— Powstańcy to byli młodzi ludzi, którzy chcieli zakładać rodziny, mieć dzieci, kończyć studia czy wreszcie znaleźć dobrą pracę. Bardzo im to utrudniano i traktowano ich, jako gorszych — mówił historyk na antenie Telewizji Republika. Piotr Dmitrowicz był gościem Marcina Bąka w „Wolnych głosach wieczorem”.
– Rocznica Powstania Warszawskiego to nie jest tylko jeden dzień w roku. Jutro rocznica wybuchu powstania, ale przecież walki trwały 63 dni. Poza tym miały swoje następstwa, o których warto pamiętać. Zginęło wielu, bardzo wielu ludzi, bohaterów – mówił Piotr Dmitrowicz.

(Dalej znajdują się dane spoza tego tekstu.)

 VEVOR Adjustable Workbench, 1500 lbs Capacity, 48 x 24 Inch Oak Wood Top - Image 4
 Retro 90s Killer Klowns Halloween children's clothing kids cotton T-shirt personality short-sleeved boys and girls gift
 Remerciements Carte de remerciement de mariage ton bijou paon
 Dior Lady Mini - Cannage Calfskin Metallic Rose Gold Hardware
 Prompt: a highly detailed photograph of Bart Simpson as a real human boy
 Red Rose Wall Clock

– Jeśli mówimy o zakłamaniu, wielokrotnie powstańców i samo powstanie skazywano na klęskę. Nie tylko po nim, ale również w trakcie. Pamiętajmy, że do 1956 roku nie obchodzono tej rocznicy. Wspominanie o nim ściągało na ludzi kłopoty, nawet można było stracić życie za bycie powstańcem. Ci ludzie byli cenzurowani czy prześladowani nawet do 1989 roku – dodał historyk na antenie Telewizji Republika.

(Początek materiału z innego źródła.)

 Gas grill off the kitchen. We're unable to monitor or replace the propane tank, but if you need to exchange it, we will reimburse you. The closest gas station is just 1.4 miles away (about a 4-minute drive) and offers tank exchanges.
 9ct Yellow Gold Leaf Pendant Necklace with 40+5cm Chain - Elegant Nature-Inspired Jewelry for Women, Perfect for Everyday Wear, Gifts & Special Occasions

Jak stwierdził, powstańcy to byli młodzi ludzi, którzy chcieli zakładać rodziny, mieć dzieci, kończyć studia czy wreszcie znaleźć dobrą pracę. Bardzo im to utrudniano i traktowano ich, jako gorszych.
– Jeśli spojrzymy na losy osób, które w latach PRL-owskich starały się „prostować rzeczywistość”, to widzimy, że powstanie było porażką. To tzw. pedagogika wstydu, która wykorzystuje Powstanie Warszawskie czy losy Armii Krajowej do obecnej polityki. Można ją kreować w sposób, w który jest nam wygodniej – zaznaczył.
Historyk dodał, że przełomowym momentem, w którym powstanie zaistniało w przestrzeni publicznej, było otwarcie Muzeum Powstania Warszawskiego. – Teraz młodzi ludzie nie tylko pamiętają, ale też są dumni i chwalą, pamiętają o bohaterach. Ci ludzie zasługują na nasz szacunek – mówił.
– Powstanie jest elementem, które składa się z wielu, spektakularnych i mniejszych historii. Każde może być powodem do dumy. Odbicie „Gęsiówki”, czy zabranie dwóch niemieckich czołgów. Każdy żołnierz niesie za sobą swoją historię – dodał na koniec.